Mittwoch, 28. Juli 2010

Kontinuität

Unserer Zeit sagt man gerne nach, sie sei schnellebig und oberflächlich. Nichts hätte lange Bestand, alles was entstünde wäre es nicht nur wert, daß es zugrunde gehe, es gehe auch tatsächlich ziemlich schnell zugrunde.

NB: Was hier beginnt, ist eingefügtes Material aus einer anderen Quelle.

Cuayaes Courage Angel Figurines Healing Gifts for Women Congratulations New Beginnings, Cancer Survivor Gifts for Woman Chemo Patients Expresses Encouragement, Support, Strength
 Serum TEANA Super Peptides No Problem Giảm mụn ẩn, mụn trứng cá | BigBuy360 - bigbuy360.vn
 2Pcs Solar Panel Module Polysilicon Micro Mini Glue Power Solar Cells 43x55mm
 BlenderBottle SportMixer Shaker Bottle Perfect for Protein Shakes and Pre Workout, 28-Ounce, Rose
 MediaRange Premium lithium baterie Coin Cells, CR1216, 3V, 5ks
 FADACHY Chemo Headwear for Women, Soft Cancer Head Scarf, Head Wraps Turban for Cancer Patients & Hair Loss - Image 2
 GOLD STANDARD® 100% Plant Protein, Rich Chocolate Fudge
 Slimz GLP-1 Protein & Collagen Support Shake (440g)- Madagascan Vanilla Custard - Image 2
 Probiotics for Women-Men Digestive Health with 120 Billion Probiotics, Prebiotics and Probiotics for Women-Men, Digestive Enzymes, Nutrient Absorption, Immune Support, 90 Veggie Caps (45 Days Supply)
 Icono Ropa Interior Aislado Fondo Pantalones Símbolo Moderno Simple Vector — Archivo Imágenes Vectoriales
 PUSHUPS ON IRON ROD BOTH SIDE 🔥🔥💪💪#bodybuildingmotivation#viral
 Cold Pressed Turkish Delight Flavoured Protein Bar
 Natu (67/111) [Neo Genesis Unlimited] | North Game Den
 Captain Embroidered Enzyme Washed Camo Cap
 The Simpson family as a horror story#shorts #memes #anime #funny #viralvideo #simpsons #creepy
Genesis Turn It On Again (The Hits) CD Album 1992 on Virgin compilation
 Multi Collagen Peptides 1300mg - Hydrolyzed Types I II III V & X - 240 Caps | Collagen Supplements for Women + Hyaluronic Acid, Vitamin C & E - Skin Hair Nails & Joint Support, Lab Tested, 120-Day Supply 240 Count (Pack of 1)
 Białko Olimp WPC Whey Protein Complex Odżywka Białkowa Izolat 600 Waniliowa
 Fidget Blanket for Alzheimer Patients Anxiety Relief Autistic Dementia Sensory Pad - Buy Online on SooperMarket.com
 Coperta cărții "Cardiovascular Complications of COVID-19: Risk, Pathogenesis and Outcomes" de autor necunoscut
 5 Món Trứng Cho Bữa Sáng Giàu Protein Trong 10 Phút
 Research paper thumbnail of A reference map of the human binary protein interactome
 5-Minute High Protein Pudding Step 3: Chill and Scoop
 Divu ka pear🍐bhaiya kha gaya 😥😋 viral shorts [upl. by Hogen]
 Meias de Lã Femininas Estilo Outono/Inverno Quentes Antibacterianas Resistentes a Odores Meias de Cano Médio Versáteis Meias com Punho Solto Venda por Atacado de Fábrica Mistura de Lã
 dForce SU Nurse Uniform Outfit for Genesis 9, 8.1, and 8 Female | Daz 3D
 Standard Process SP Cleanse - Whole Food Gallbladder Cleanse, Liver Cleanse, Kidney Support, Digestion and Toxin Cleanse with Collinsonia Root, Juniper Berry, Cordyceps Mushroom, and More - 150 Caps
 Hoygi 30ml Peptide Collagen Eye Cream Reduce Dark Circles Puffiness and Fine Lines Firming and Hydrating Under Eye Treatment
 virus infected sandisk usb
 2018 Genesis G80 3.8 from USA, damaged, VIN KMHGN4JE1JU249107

Am Sonntag bin ich beim Abspülen zufällig in eine Sendung des Deutschlandfunks zur Eröffnung der diesjährigen Bayreuther Festspiele geraten, interviewt wurde gerade der Hausmeister des Festspielhauses. Anschließend erfuhr ich, Norbert Kessler sei erst der fünfte Hausmeister auf dem Grünen Hügel seit den ersten Festspielen im August 1876.
Ich war verblüfft, rechnete nach und kam auf eine durchschnittliche Amtsdauer von 27 Jahren.

Gut, wirst du sagen, die Queen ist schon viel länger im Amt, was soll man sich also über einen Hausmeister aufregen. Schon, antworte ich, aber eine Queen braucht heutzutage keine sonderliche Ausbildung mehr, die Rede zur Parlamentseröffnung kann sie auch in einem Alter weit jenseits der Pensionsgrenze vom Blatt abnudeln: "Hört mal, Leute, der Cameron, wo jetzt neuer Premier ist, hat mir aufgeschrieben, was ich euch jetzt vorlesen soll (Setzt die Lesebrille auf)."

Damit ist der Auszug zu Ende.